===== Supplied data

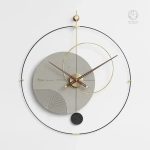 Horloge murale stylée adaptée au salon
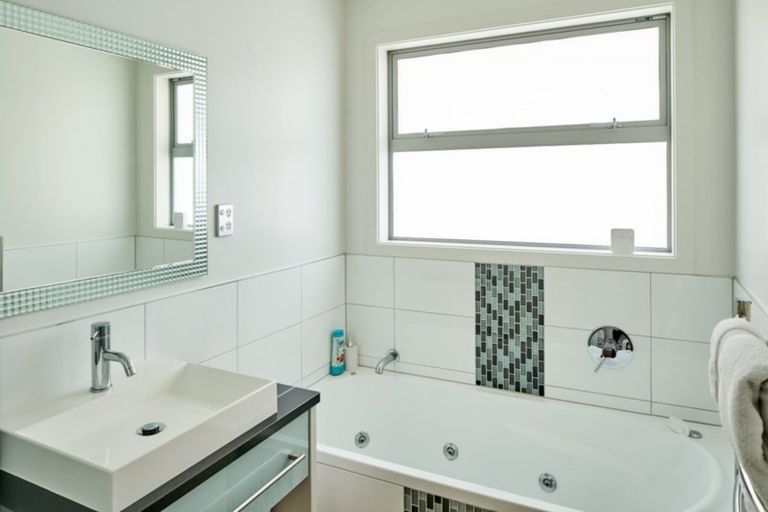 Photo of property in 25 Sunset Parade, Plimmerton, Porirua, 5026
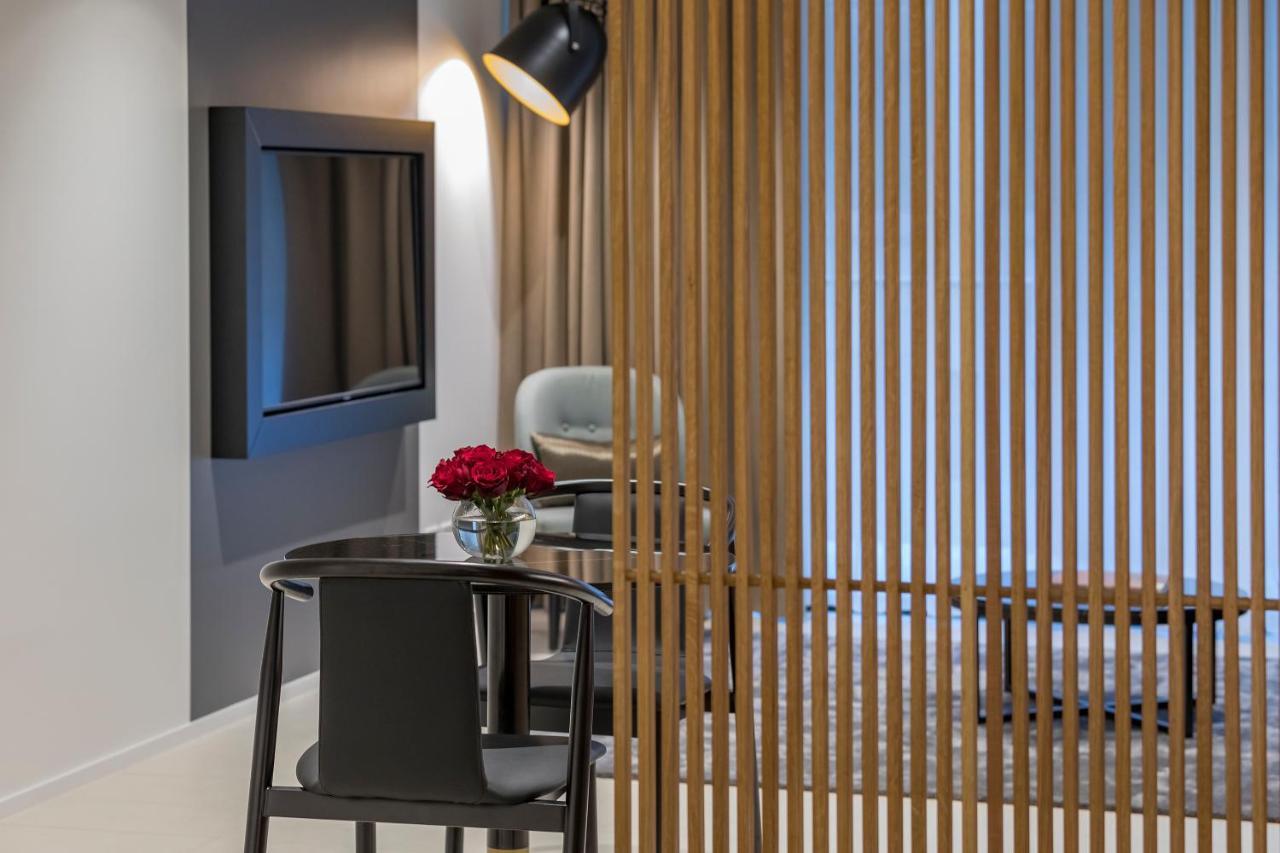 Skye Suites Sydney Eksteriør billede A room divider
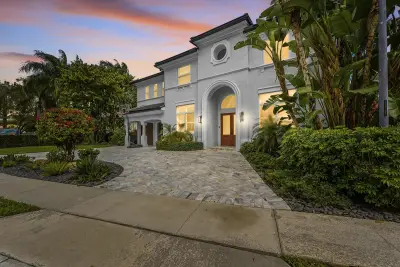 5038 NW 24th Cir, Boca Raton: photo 1 of 54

==========

__How to complete this task__
Would you copy out every line of the data above exactly, minus the pictures?

__Task output__
 Horloge murale stylée adaptée au salon
 Photo of property in 25 Sunset Parade, Plimmerton, Porirua, 5026
 Skye Suites Sydney Eksteriør billede A room divider
 5038 NW 24th Cir, Boca Raton: photo 1 of 54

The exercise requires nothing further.